"Wollentz's study is very impressive in its intellectual breadth and depth, combining acute insights in the theory of heritage and memory with detailed empirical observations derived from heritage ethnographies in Bosnia and Herzegovina, Kosovo, and Sweden."
-- Prof. Cornelius Holtorf, UNESCO Chair on Heritage Futures, Linnaeus University, Sweden
This book studies how people negotiate difficult heritage within their everyday lives, focusing on memory, belonging, and identity. The starting point for the examination is that temporalities lie at the core of understanding this negotiation and that the connection between temporalities and difficult heritage remains poorly understood and theorized in previous research.

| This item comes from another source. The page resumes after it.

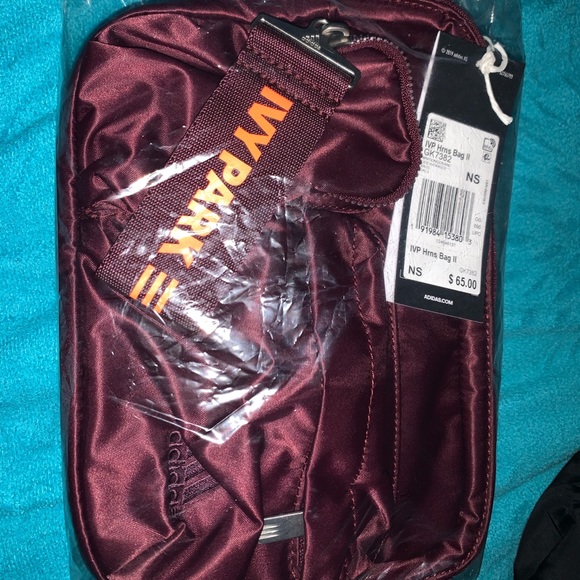 IVYXADIDAS Beyoncé Harness Bag - Picture 2 of 3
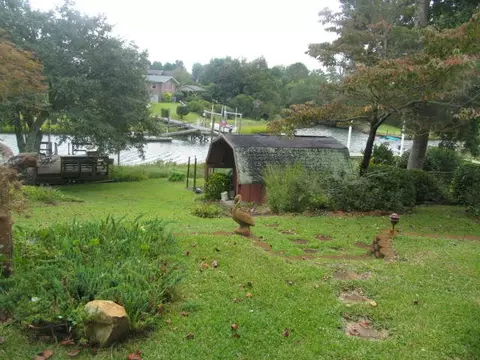 202 Battery Ln, Hampstead, NC 28443 photo 13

In order to fully explore the temporalities of difficult heritage, the book investigates places in which the incidents of violence occurred in different time periods. It examines one example of modern violence (Mostar in Bosnia and Herzegovina), one example of where the associated incident occurred during medieval times (the Gazimestan monument in Kosovo), and one example of prehistoric violence (Sandby borg in Sweden). The book presents new theoretical perspectives and provides suggestions for developing sites of difficult heritage, and will thus be relevant for academic researchers, students, and heritage professionals.
Gustav Wollentz defended his PhD in the summer of 2018 at the Graduate School of Human Development in Landscapes, Kiel University, Germany. He received his Bachelor's and his Master's degrees in Archaeology from Linnaeus University in Sweden. In 2018 and in 2019, he was hired within the AHRC-funded Heritage Futures research programme to co-author a chapter on "toxic heritage". He is currently working as a project leader / researcher at the Nordic Centre of Heritage Learning and Creativity, in Östersund, Sweden.